Saved entries:
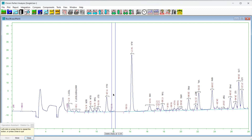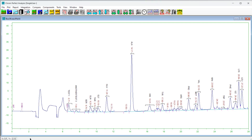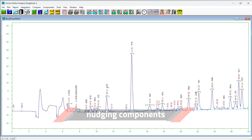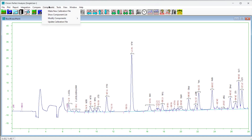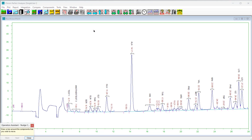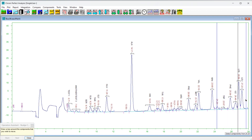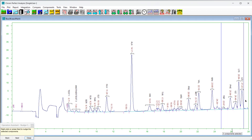Components that serve as the default component or as retention time references or internal standards for other components cannot be deleted. Nudging components: frequently it is necessary to adjust several components by a similar amount. To move multiple components graphically, choose Components, Modify Components, Nudge. The operation assistant form will appear, directing you to select a region of the chromatogram with the mouse. Click, drag, and release to define the region, which will be indicated by a pair of vertical lines. If there are no components, the label will so indicate.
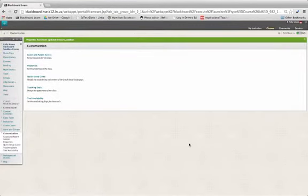I hope you found this video helpful in how to change the name of a course as it appears in the Blackboard system. Thank you!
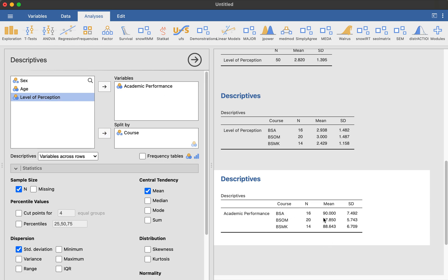So you can see BSA are 90, BSOM is 87, the mean, BSMK is 88. Of course, these are pseudo data. So these are not taken from actual data itself. So that's basically how you do it.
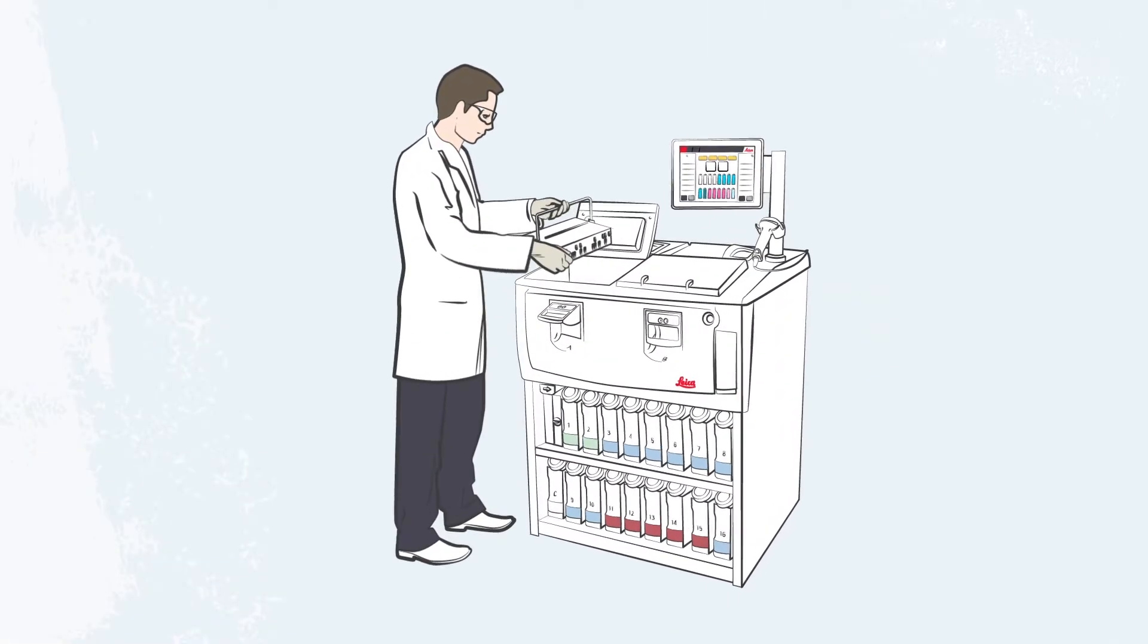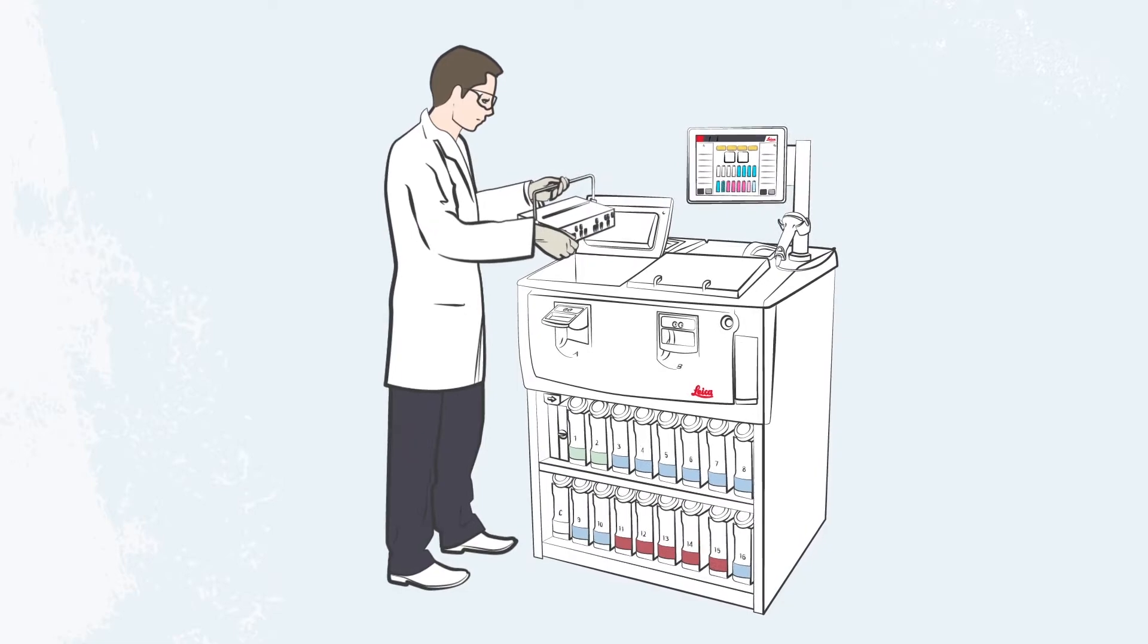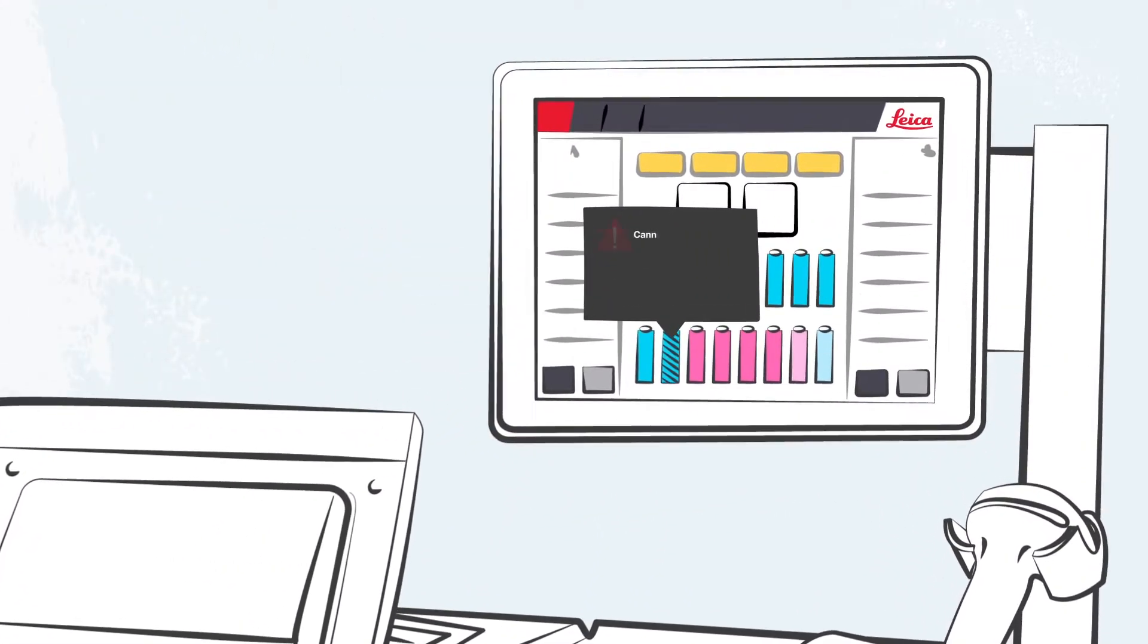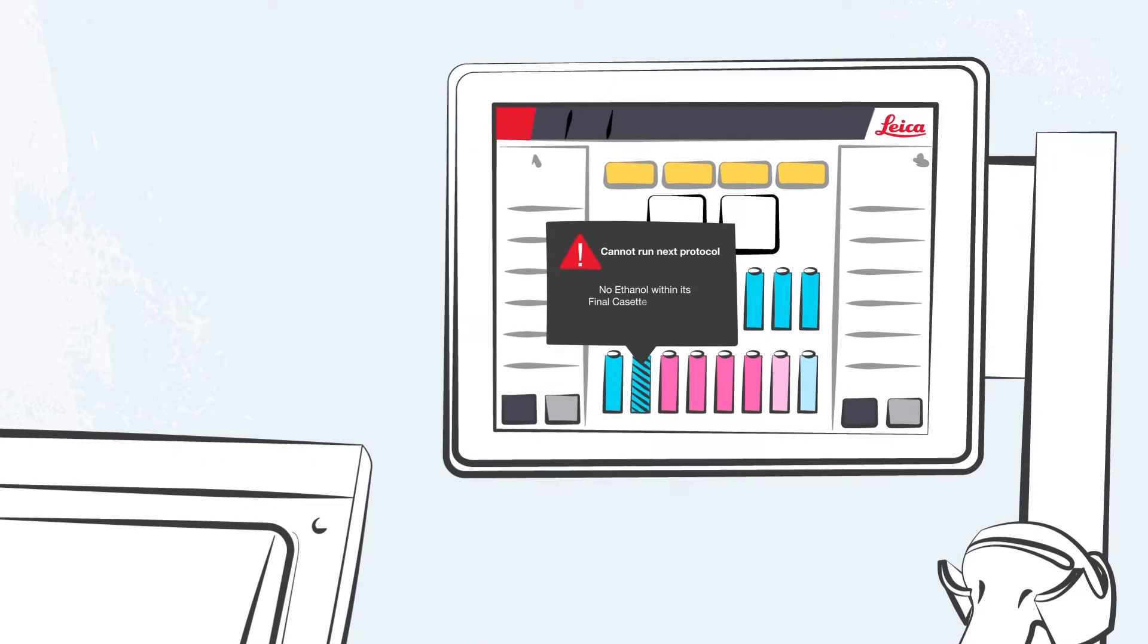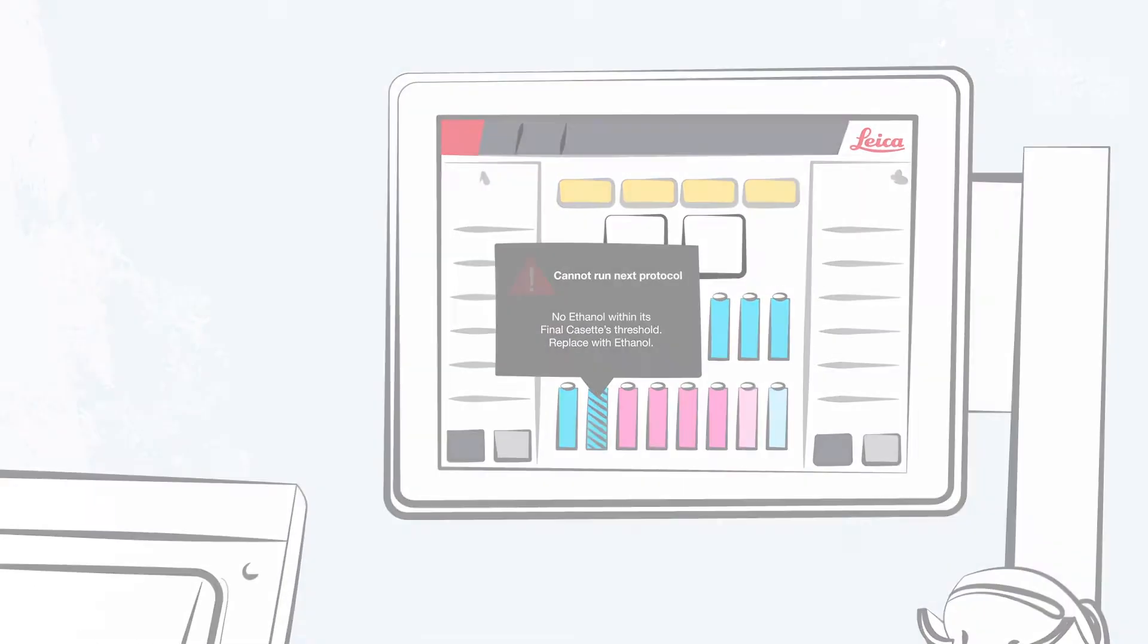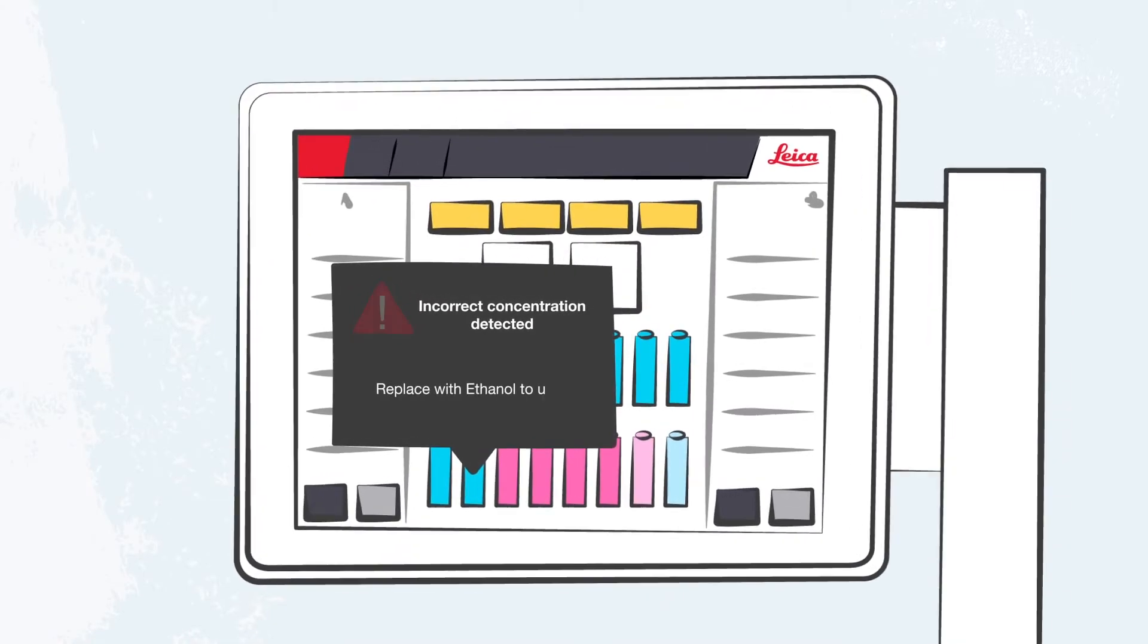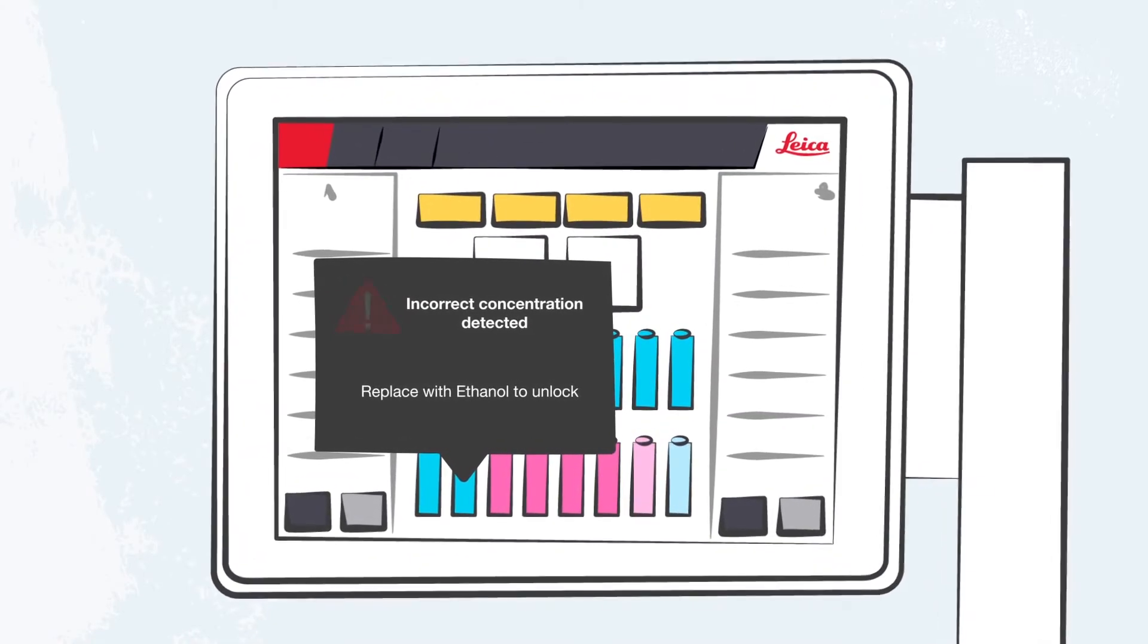Adam begins his shift and the processing run has completed on schedule. The reagent management system indicates a required exchange of the 100% ethanol since the density level is below the limit. Polaris 3 detected a concentration of 70% ethanol, not the required 100% level.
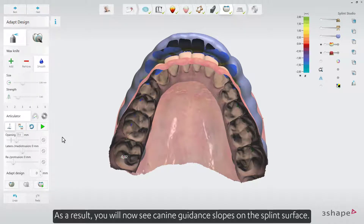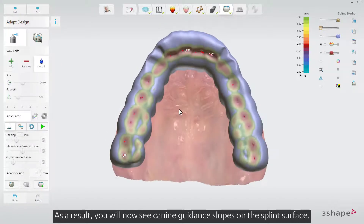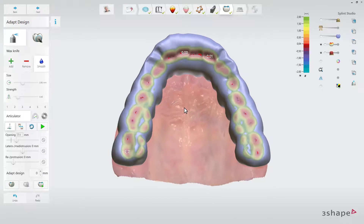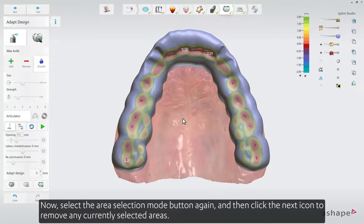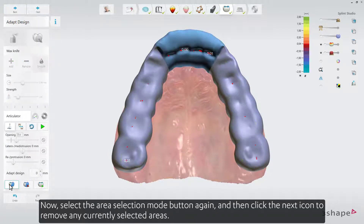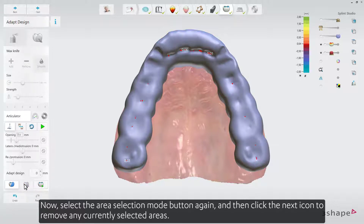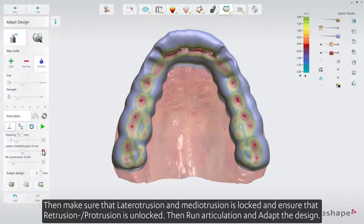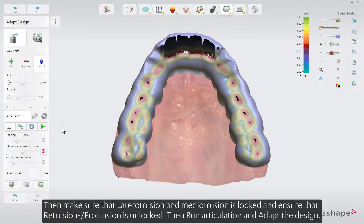As a result, you'll now see canine guidance slopes on the splint surface. Now select the Area Selection Mode button again, and then click the Next icon to remove any currently selected areas. Then make sure that Lateral-Otrusion and Medi-Otrusion is locked, and ensure that Retrusion-Protrusion is unlocked. Then run Articulation and adapt the design.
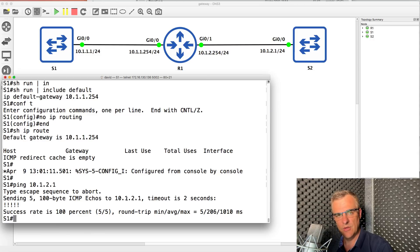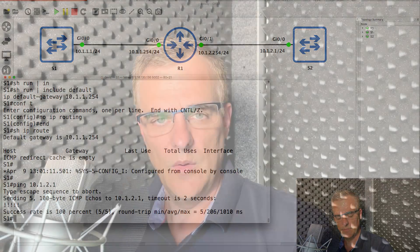A static default route is only used when IP routing is enabled. The IP default-gateway command is required when IP routing is not enabled on a switch. So you have two options: when IP routing is disabled, use the IP default-gateway command; when IP routing is enabled, use a static default route. I'm David Bombal. Hopefully you're enjoying these quiz questions — if you are, please like this video, and if you're watching on YouTube, please subscribe to my channel.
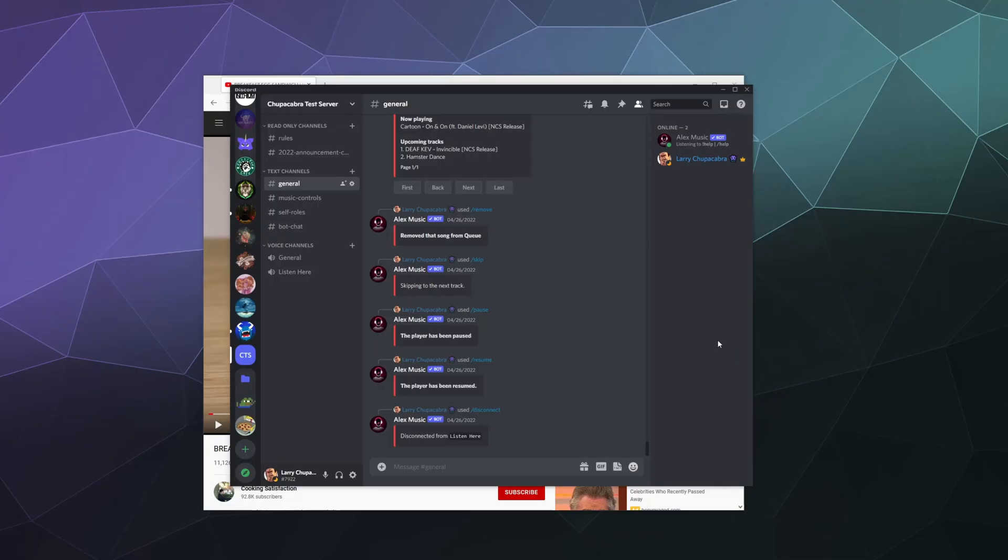Alright, welcome back ladies and gentlemen to the Chupacabra Tutorials channel. I'm your host Larry, and today I'm going to show you how to screen share YouTube with your friends over Discord without having to jump through a bunch of annoying hoops like disabling hardware acceleration. Because honestly, that's the clunkiest way of doing it and it slows down your browser and also slows down your Discord and makes it kind of laggy and difficult to use.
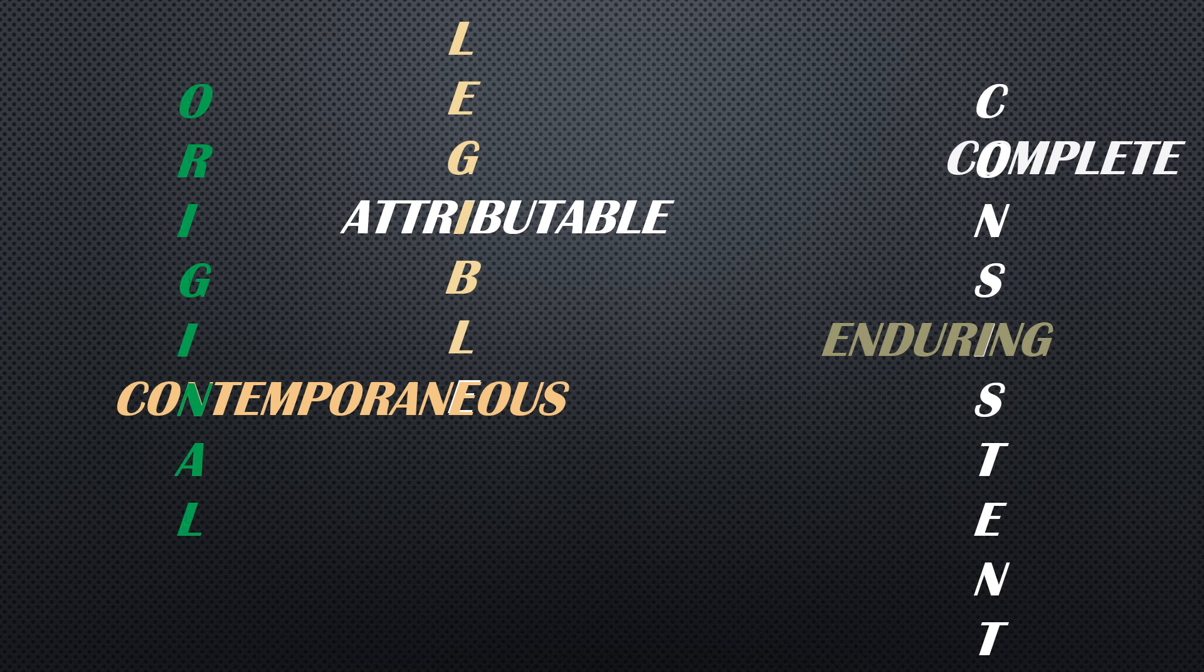Coming to the next principle of ALCOA: Original. Data must be original. How do you define original? Whatever data you have entered in the first notebook, that is the original data. You may be using notebooks, spreadsheets, databases, or software applications. Where the data is initially recorded is the point to be noted, which comes under original.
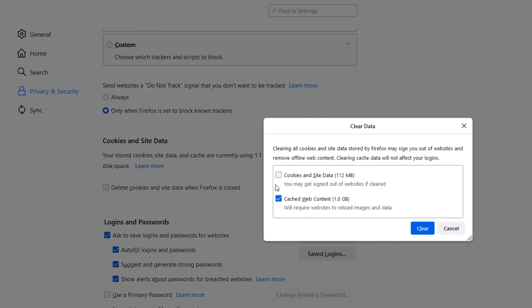As you can see, these two boxes here are checked. One is to clear your cookies and site data and the other is to clear your cached web content.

Task to carry out:
Write out all of the records above. Keep them exact and leave out the pictures.

Task solution:
Components that serve as the default component or as retention time references or internal standards for other components cannot be deleted. Nudging components: frequently it is necessary to adjust several components by a similar amount. To move multiple components graphically, choose Components, Modify Components, Nudge. The operation assistant form will appear, directing you to select a region of the chromatogram with the mouse. Click, drag, and release to define the region, which will be indicated by a pair of vertical lines. If there are no components, the label will so indicate.
I hope you found this video helpful in how to change the name of a course as it appears in the Blackboard system. Thank you!
So you can see BSA are 90, BSOM is 87, the mean, BSMK is 88. Of course, these are pseudo data. So these are not taken from actual data itself. So that's basically how you do it.
Adam begins his shift and the processing run has completed on schedule. The reagent management system indicates a required exchange of the 100% ethanol since the density level is below the limit. Polaris 3 detected a concentration of 70% ethanol, not the required 100% level.
As a result, you'll now see canine guidance slopes on the splint surface. Now select the Area Selection Mode button again, and then click the Next icon to remove any currently selected areas. Then make sure that Lateral-Otrusion and Medi-Otrusion is locked, and ensure that Retrusion-Protrusion is unlocked. Then run Articulation and adapt the design.
A static default route is only used when IP routing is enabled. The IP default-gateway command is required when IP routing is not enabled on a switch. So you have two options: when IP routing is disabled, use the IP default-gateway command; when IP routing is enabled, use a static default route. I'm David Bombal. Hopefully you're enjoying these quiz questions — if you are, please like this video, and if you're watching on YouTube, please subscribe to my channel.
Alright, welcome back ladies and gentlemen to the Chupacabra Tutorials channel. I'm your host Larry, and today I'm going to show you how to screen share YouTube with your friends over Discord without having to jump through a bunch of annoying hoops like disabling hardware acceleration. Because honestly, that's the clunkiest way of doing it and it slows down your browser and also slows down your Discord and makes it kind of laggy and difficult to use.
Coming to the next principle of ALCOA: Original. Data must be original. How do you define original? Whatever data you have entered in the first notebook, that is the original data. You may be using notebooks, spreadsheets, databases, or software applications. Where the data is initially recorded is the point to be noted, which comes under original.
As you can see, these two boxes here are checked. One is to clear your cookies and site data and the other is to clear your cached web content.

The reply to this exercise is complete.